For people who have never been to Saudi Arabia, the fact that we are one of the biggest producers of oil often gives the impression of affluence. And in major tourist attractions around the world, every Saudi tourist is thought to be a member of royalty. That’s why I believe it’s important to show that that privilege and extravagance is only true for a very small and shrinking faction of Saudi society. Some of the rest are well-off as a middle-class. And then we have the majority; people living from paycheck to paycheck or some who can’t find jobs. This is a link to an anonymous blogger who has taken it upon himself/herself to contrast the wealth of our highest-class up against the conditions of the poor and some run-down government facilities such as hospitals and schools.

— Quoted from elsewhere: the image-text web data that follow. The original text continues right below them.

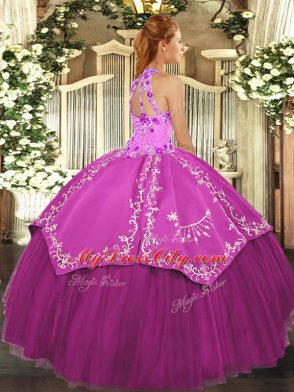 Artistic Fuchsia Sleeveless Floor Length Beading and Embroidery Lace Up 15 Quinceanera Dress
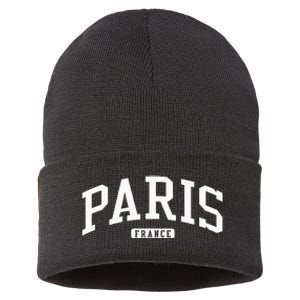 Paris France College University Style Sustainable Knit Beanie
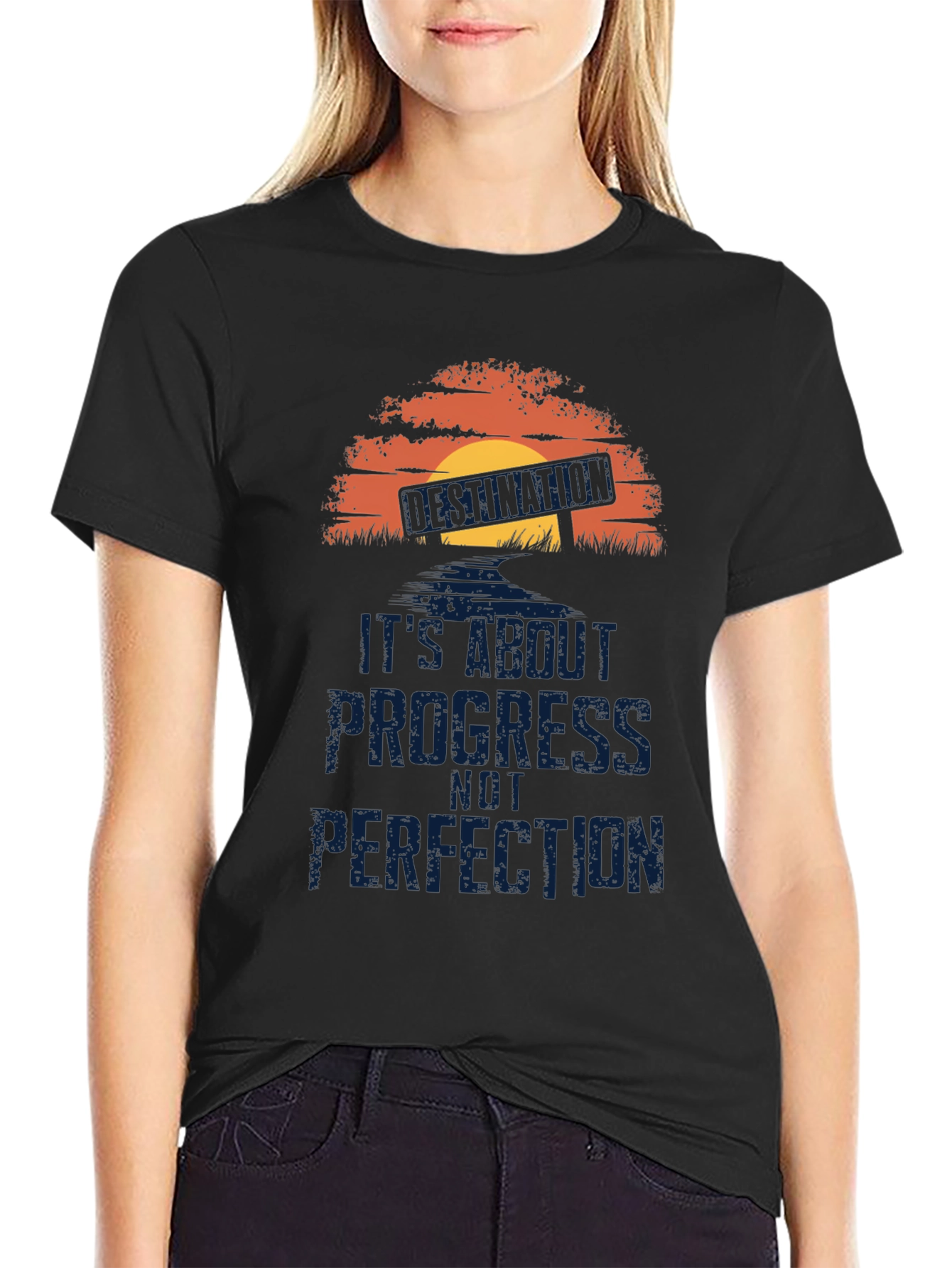 Black Progress Not Perfection T-Shirt - Motivational Graphic Tee view 2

The growing unemployment rate and the rising numbers of households who cannot make ends meet have been a throbbing headache for those in power. Dr. Al Qosaibi was called in to rescue the government once again as he had with the health sector but even he could not do much when up against the stubborn muttawa ideology. Every common sense proposal he tried to implement was shot down by the dogged fundamentalist.

It is depressing that in a country where there are nine million people brought in on worker contracts, many of whom are low-skill, our own Saudi youth go to waste from joblessness and idleness. Young women not being able to take jobs because they cannot afford a driver to transport them to work or they are told that their job goes against our religion and traditions. Banking jobs are believed to be unblessed by God. Hospital jobs and any other jobs that involve working with men can get in the way of a woman’s marriage prospects and are simply forbidden by many families.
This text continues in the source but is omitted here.